## Try it
For every record that follows, transcribe the text exactly and leave any image out.

##### Recorded information

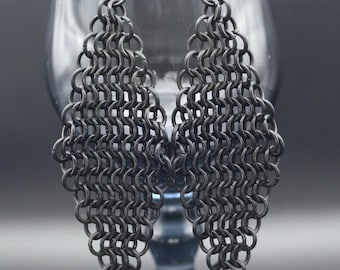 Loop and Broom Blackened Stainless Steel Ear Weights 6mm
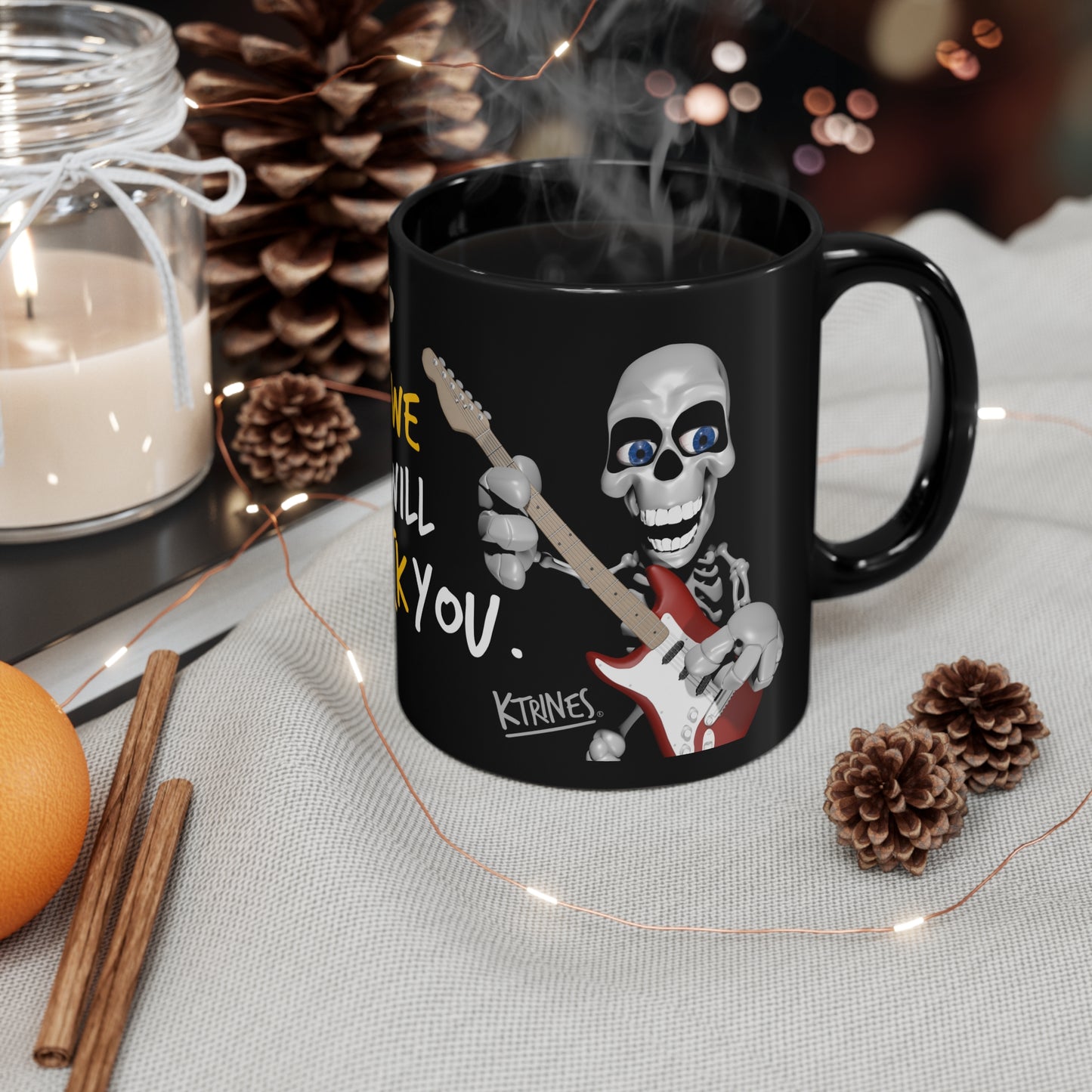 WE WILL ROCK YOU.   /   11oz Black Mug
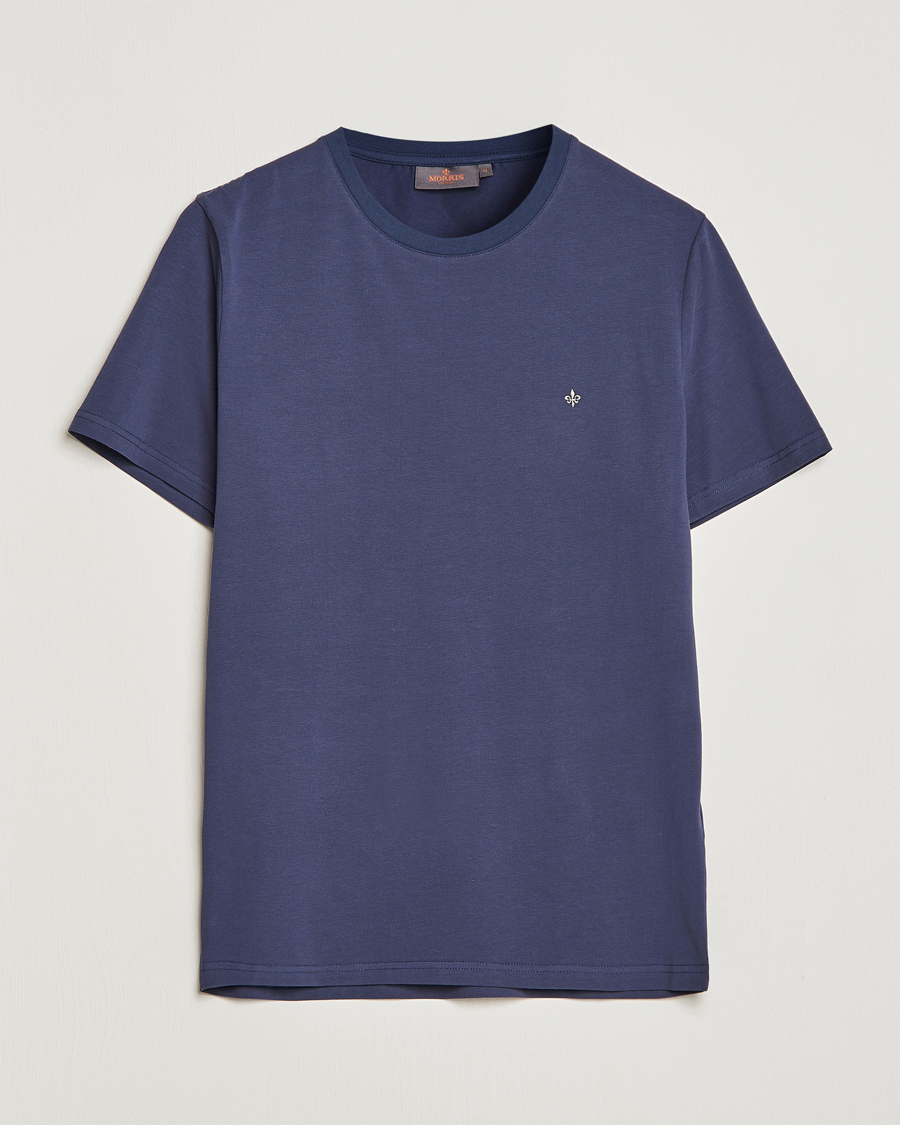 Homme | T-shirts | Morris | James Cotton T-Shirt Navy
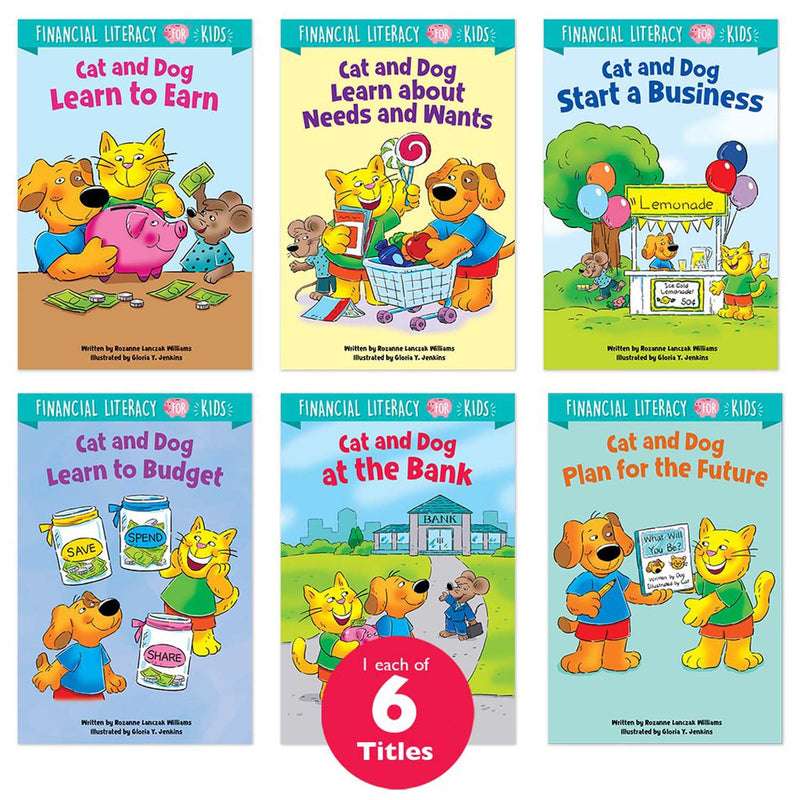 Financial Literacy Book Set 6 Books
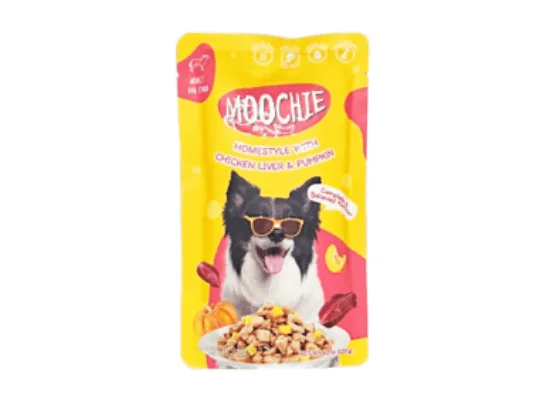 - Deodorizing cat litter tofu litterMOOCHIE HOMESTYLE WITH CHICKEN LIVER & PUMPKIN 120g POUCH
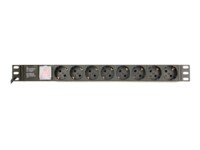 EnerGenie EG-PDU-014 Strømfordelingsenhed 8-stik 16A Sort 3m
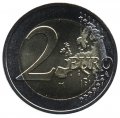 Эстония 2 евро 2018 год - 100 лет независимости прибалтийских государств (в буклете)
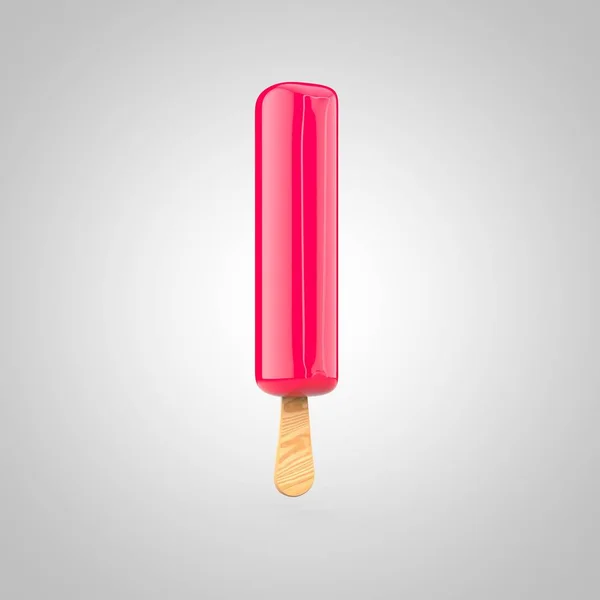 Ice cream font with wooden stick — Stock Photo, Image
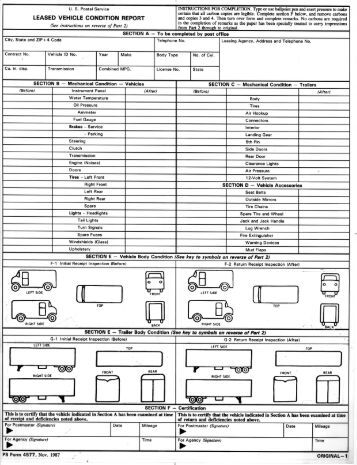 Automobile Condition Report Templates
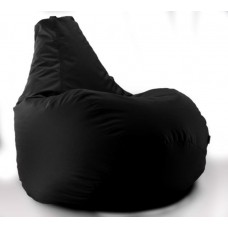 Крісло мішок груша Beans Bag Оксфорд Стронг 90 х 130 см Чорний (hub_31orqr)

##########

## Answer to this problem
 Loop and Broom Blackened Stainless Steel Ear Weights 6mm
 WE WILL ROCK YOU.   /   11oz Black Mug
 Homme | T-shirts | Morris | James Cotton T-Shirt Navy
 Financial Literacy Book Set 6 Books
 - Deodorizing cat litter tofu litterMOOCHIE HOMESTYLE WITH CHICKEN LIVER & PUMPKIN 120g POUCH
 EnerGenie EG-PDU-014 Strømfordelingsenhed 8-stik 16A Sort 3m
 Эстония 2 евро 2018 год - 100 лет независимости прибалтийских государств (в буклете)
 Ice cream font with wooden stick — Stock Photo, Image
 Automobile Condition Report Templates
 Крісло мішок груша Beans Bag Оксфорд Стронг 90 х 130 см Чорний (hub_31orqr)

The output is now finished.